Our results clearly show that L. tropica infection in BALB/c mice induces significantly lower early DTH response, comparing to the DTH induced by L. major infection in the same mouse strain. The effect of parasite dose on the observed differences of DTH responses is not likely in our study, because we carefully determined the dose and used the same dose for L. major and L. tropica in our experiments. The possible effect of the quality of eliciting antigen (used for the secondary challenge) on the DTH response is also ruled out, because the lower DTH induced by L. tropica in comparison to L. major were shown with use of either L. major or L. tropica as eliciting antigens.
It has been shown that primary L. tropica infection of BALB/c mice can partially protect secondary L. major challenge of the same mice (Mahmoudzadeh-Niknam 2004). The findings in this study suggest that this protection may be mediated by immunological mechanisms resulting in low early DTH response. Early DTH response in BALB/c mice has been shown to be mainly due to eosinophils and basophilic mast cells (De Rossell et al., 1987). Mast cells play a pro-parasitic role in BALB/c mice (Saha et al., 2004) and eosinophils are effector cells of T-helper-2 (Th2) responses (Abbas and Litchman, 2004). So, reduction of early DTH response by prior L. tropica infection may originate from low activity of Th2 responses. If this conclusion is valid, L. tropica may be able to induce some suppression mechanisms, which results in lower Th2 responses.
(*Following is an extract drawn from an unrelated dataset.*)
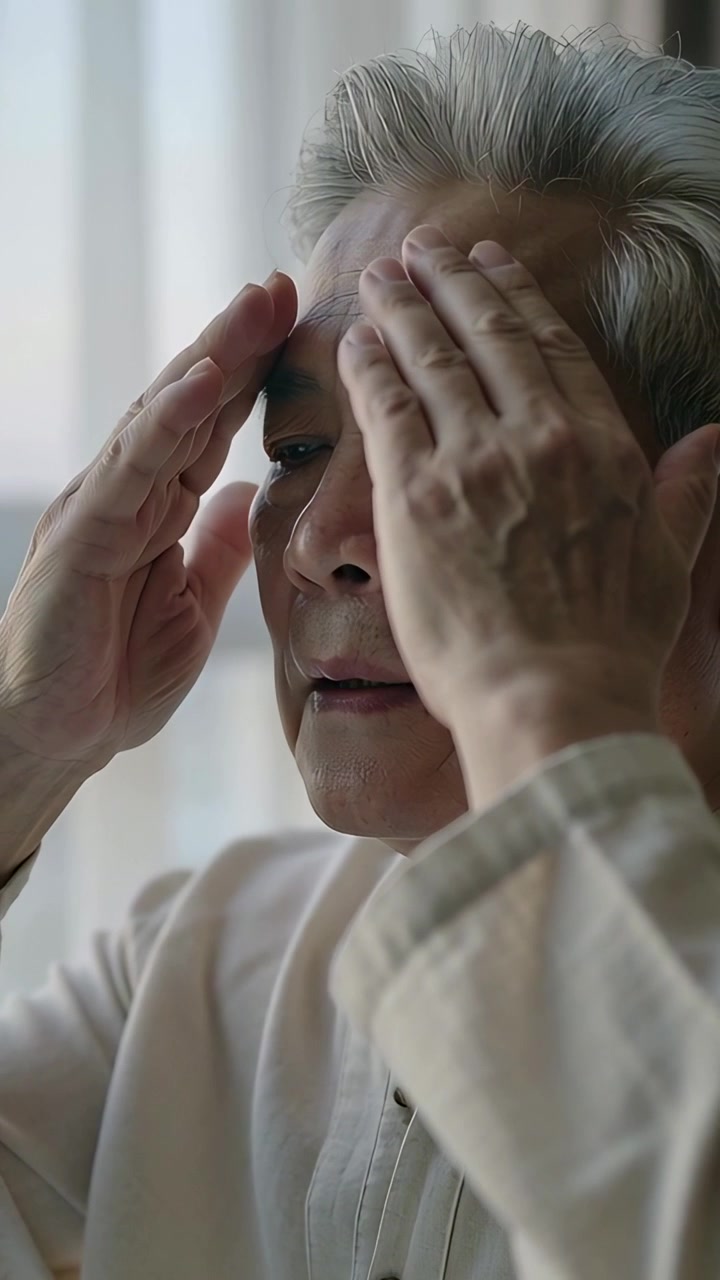 Vertical video: Shielding older Asian man lifting hands to brow near window glare with ring, shirt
Our findings suggest that protection induced by L. tropica may be due to suppression of DTH response. In agreement with our findings, the presence of specific suppressor T cells for DTH has already been reported in L. major-infected BALB/c mice (Howard et al., 1980; Dhaliwal et al., 1985). Potential role of L. tropica infection in suppression or regulation of Th2 response in BALB/c mice needs more experiments and is under investigation in our laboratory.
Most cases of normal cutaneous leishmaniasis consist of self-healing skin lesions that are associated with strong specific DTH. However, the skin-test reactivity is absent in non-healing diffuse cutaneous leishmaniasis. On the contrary, DTH is exaggerated in an allergic non-healing form of cutaneous leishmaniasis, lupoid leishmaniasis or leishmania recidivance (De Rossell et al., 1987). Exaggerated DTH is also seen in some forms of american cutaneous leishmaniasis, which produce mucosal lesions (Convit et al., 1993). Presence of high early DTH response in L. major infected BALB/c mice and exacerbated DTH response in human lupoid leishmaniasis suggest that these 2 non-healing leishmaniasis types may have common immunologic basis. So, immunologic mechanisms responsible for suppression of DTH response in BALB/c mice may have relevance for study of DTH-positive non-healing cases of human leishmaniasis.
In summary, our data shows that L. tropica infection in BALB/c mice is associated with low DTH response. The relevancy of this low DTH response to the protective immunity in this murine model needs more study.